=== Exercise directions ===
Send back the line that contains "this 1280×720 image." and all lines following it through the end of the data below, exactly, omitting pictures.

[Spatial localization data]
*** Begin section ***

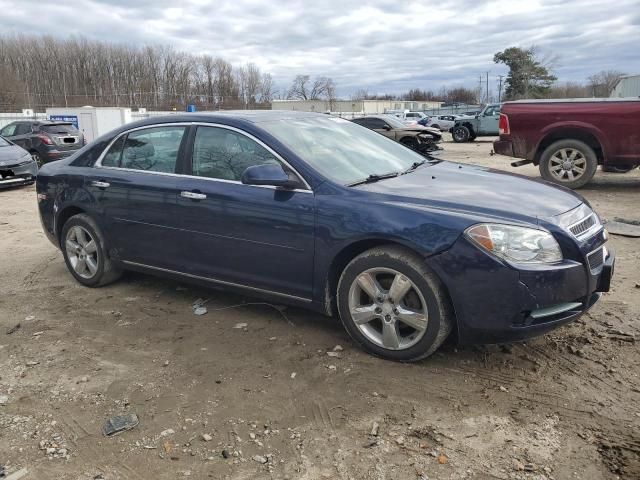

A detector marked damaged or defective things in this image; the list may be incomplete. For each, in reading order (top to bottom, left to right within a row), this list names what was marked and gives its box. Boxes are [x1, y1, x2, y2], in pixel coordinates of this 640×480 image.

damaged vehicle [350, 115, 440, 154]
damaged vehicle [0, 136, 37, 188]
damaged vehicle [37, 111, 612, 360]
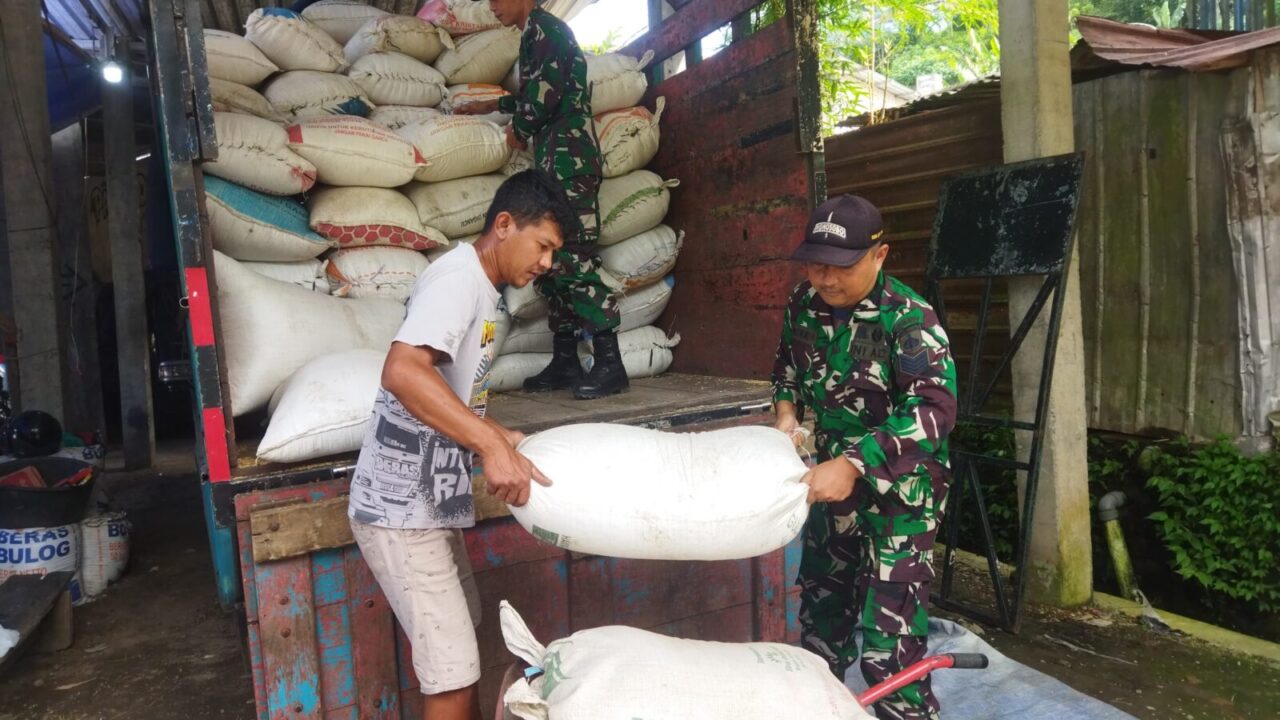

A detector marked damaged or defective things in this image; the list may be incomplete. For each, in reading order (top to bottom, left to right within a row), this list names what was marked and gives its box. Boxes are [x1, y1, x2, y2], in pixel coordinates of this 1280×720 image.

rusty metal roof sheet [1075, 14, 1280, 73]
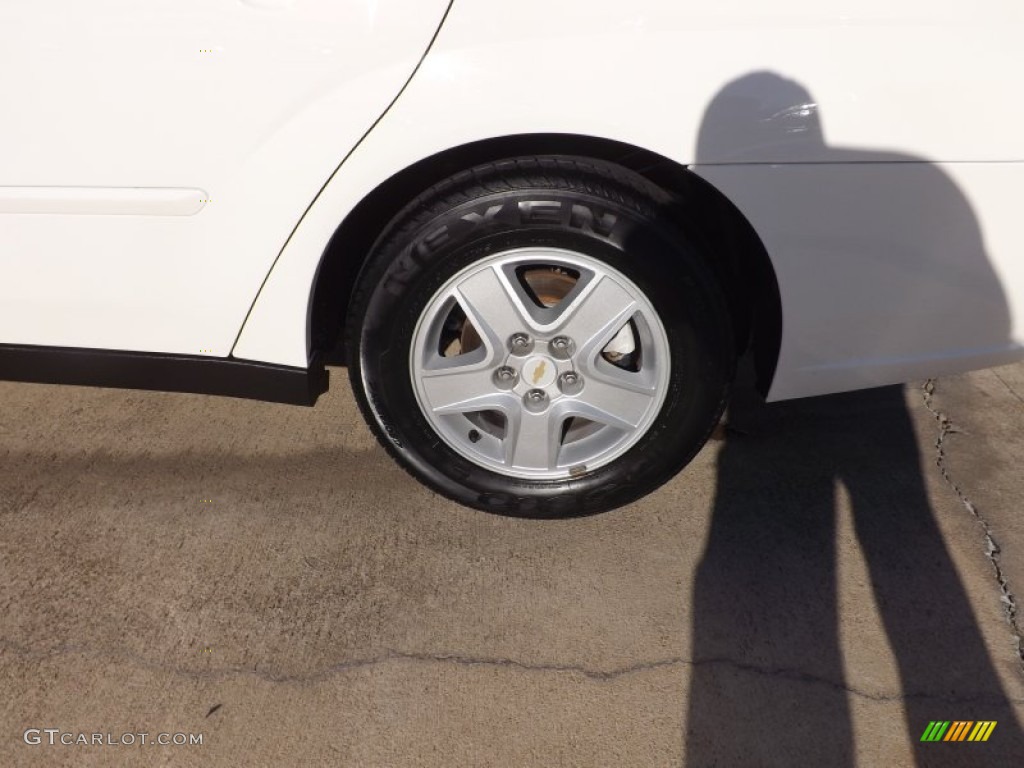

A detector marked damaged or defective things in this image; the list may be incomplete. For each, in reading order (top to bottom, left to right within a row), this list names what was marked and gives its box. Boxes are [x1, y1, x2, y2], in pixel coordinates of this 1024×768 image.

crack in pavement [921, 378, 1024, 671]
crack in pavement [4, 638, 1019, 708]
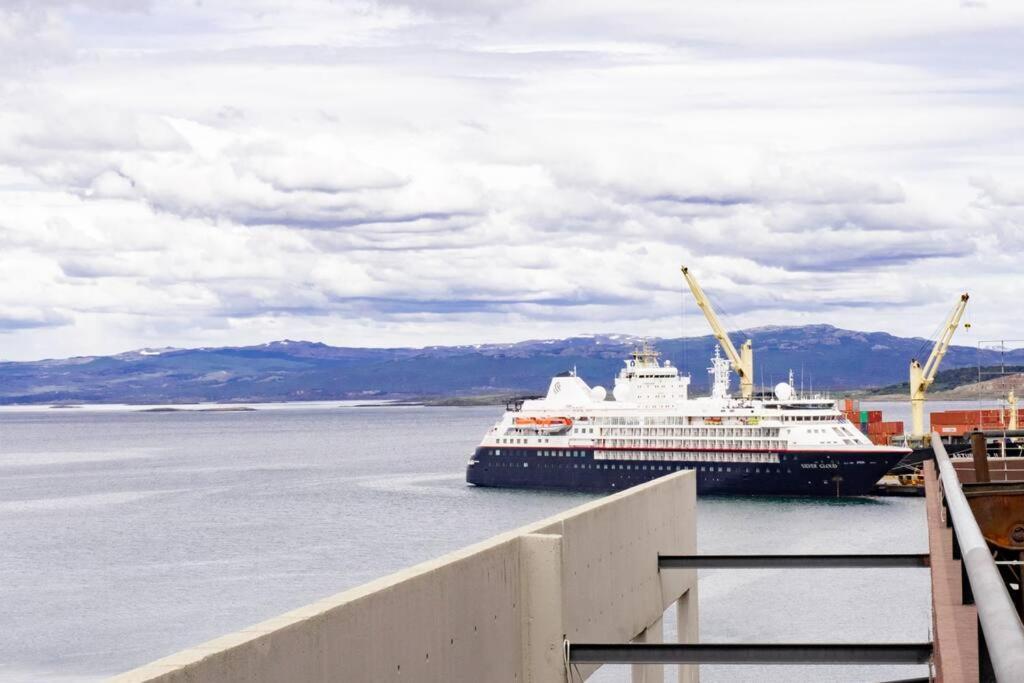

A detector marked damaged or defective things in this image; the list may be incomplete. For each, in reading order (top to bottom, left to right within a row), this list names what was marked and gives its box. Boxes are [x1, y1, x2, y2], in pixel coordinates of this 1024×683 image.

rusty metal surface [962, 483, 1024, 552]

*** End section ***

=== Answer to this task ===
A detector marked damaged or defective things in this image; the list may be incomplete. For each, in reading order (top to bottom, left to right within a row), this list names what was marked and gives its box. Boxes are [x1, y1, x2, y2], in pixel coordinates of this 1280×720 image.

rusty metal roof sheet [1075, 14, 1280, 73]

A detector marked damaged or defective things in this image; the list may be incomplete. For each, in reading order (top to bottom, left to right within a row), this list names what was marked and gives its box. Boxes are [x1, y1, x2, y2], in pixel coordinates of this 1024×768 image.

crack in pavement [921, 378, 1024, 671]
crack in pavement [4, 638, 1019, 708]

A detector marked damaged or defective things in this image; the list may be incomplete. For each, in reading order (top to bottom, left to right within a row), this list names what was marked and gives its box. Boxes are [x1, y1, x2, y2], in pixel coordinates of this 1024×683 image.

rusty metal surface [962, 483, 1024, 552]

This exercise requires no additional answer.